Table 5-3 lists some of the more common character set functions to give you an idea of the types of operations applications typically perform on character sets.
Function/Operator | Description |
---|---|
Membership (IN) | Checks to see if a character is a member of a character set (returns true/false). |
Intersection | Returns the intersection of two character sets (that is, the set of characters that are members of both sets). |
Union | Returns the union of two character sets (that is, all the characters that are members of either set or both sets). |
Difference | Returns the difference of two sets (that is, those characters in one set that are not in the other). |
Extraction | Extracts a single character from a set. |
Subset | Returns true if one character set is a subset of another. |
Proper subset | Returns true if one character set is a proper subset of another. |
Superset | Returns true if one character set is a superset of another. |
Proper superset | Returns true if one character set is a proper superset of another. |
Equality | Returns true if one character set is equal to another. |
Inequality | Returns true if one character set is not equal to another. |
There are many different ways to represent character sets. Several languages implement character sets using an array of Boolean values (one Boolean value for each possible character code). Each Boolean value determines whether its corresponding character is or is not a member of the character set: true indicates that the specified character is a member of the set; false indicates that the corresponding character is not a member of the set. To conserve memory, most character set implementations allocate only a single bit for each character in the set; therefore, such character sets consume 16 bytes (128 bits) of memory when supporting 128 characters, or 32 bytes (256 bits) when supporting up to 256 possible characters. This representation of a character set is known as a powerset .

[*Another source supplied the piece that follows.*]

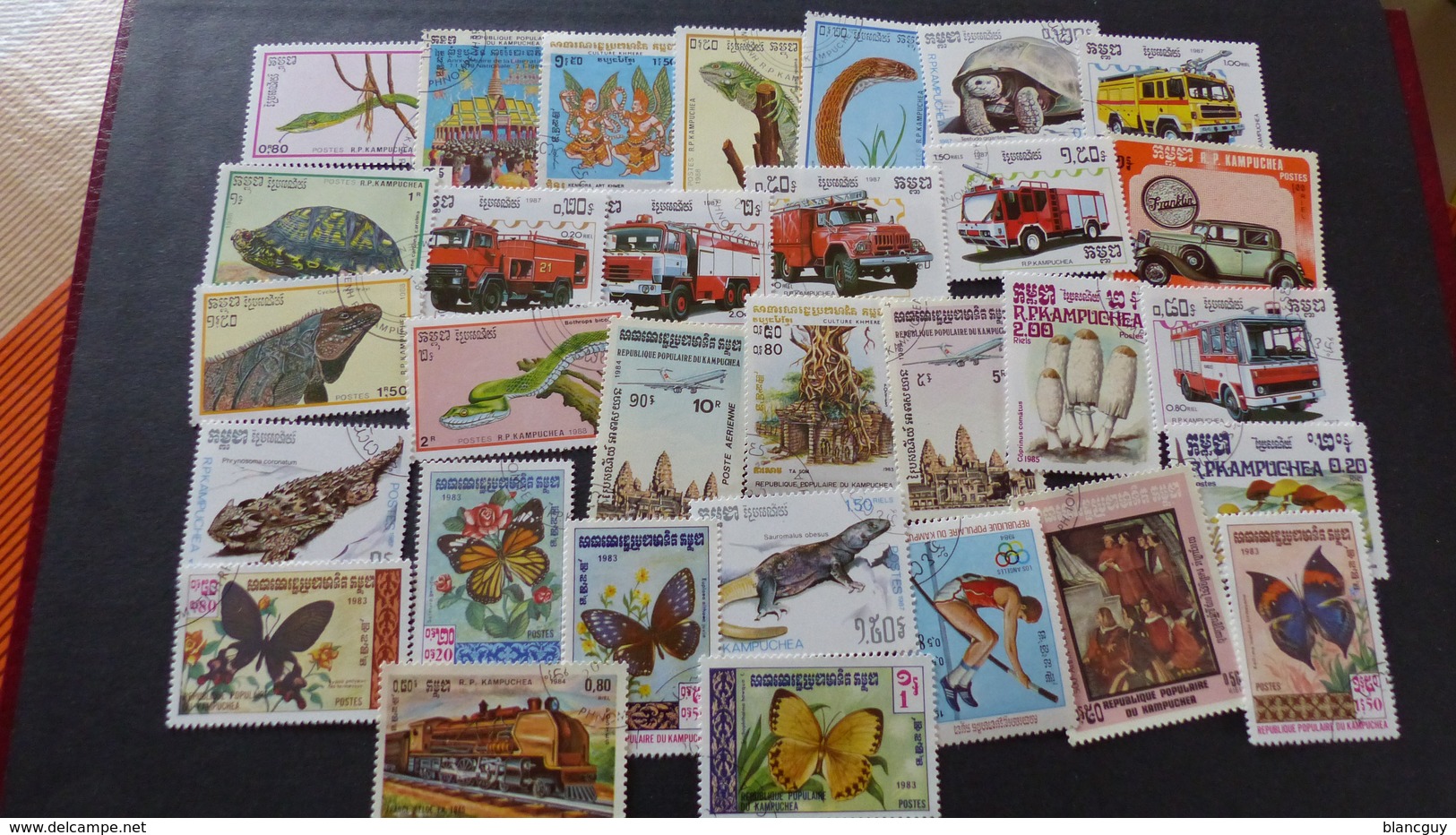 AFRIQUE - AMÉRIQUE - ASIE - OCÉANIE - 2400 timbres tous différents neufs et oblitérés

The HLA language uses an array of 16 bytes to represent the 128 possible ASCII characters. This array of 128 bits is organized in memory, as shown in Figure 5-5.
Bit zero of byte zero corresponds to ASCII code zero (the NUL character). If this bit is one, then the character set contains the NUL character; if this bit is zero, then the character set does not contain the NUL character. Likewise, bit one of byte eight corresponds to ASCII code 65, an uppercase A . Bit 65 will contain a one if A is a current member of the character set, it will contain zero if A is not a member of the set.
Pascal (for example, Delphi/Kylix) uses a similar scheme to represent character sets. Delphi allows up to 256 characters in a character set, so Delphi/Kylix character sets consume 256 bits (or 32 bytes) of memory.
While there are other possible ways to implement character sets, this bit vector (array) implementation has the advantage that it is very easy to implement set operations like union, intersection, difference comparison, and membership tests.
Sometimes a powerset bitmap just isn't the right representation for a character set. For example, if your sets are always very small (no more than three or four members), using 16 or 32 bytes to represent such a set can be overkill. For very small sets, using a character string to represent a list of characters is probably the best way to go. [10] If you rarely have more than a few characters in a set, scanning through a string to locate a particular character is probably efficient enough for most applications.
On the other hand, if your character set has a large number of possible characters, then the powerset representation for the character set could become quite large (for example, Unicode character sets would require 8,192 bytes of memory to implement them as powersets). For these reasons (and more), the powerset representation isn't always the best. A list or character string representation could be more appropriate in such situations.
[10] Though it is up to you to ensure that the character string maintains set semantics. That is, you never allow duplicate characters in such a string.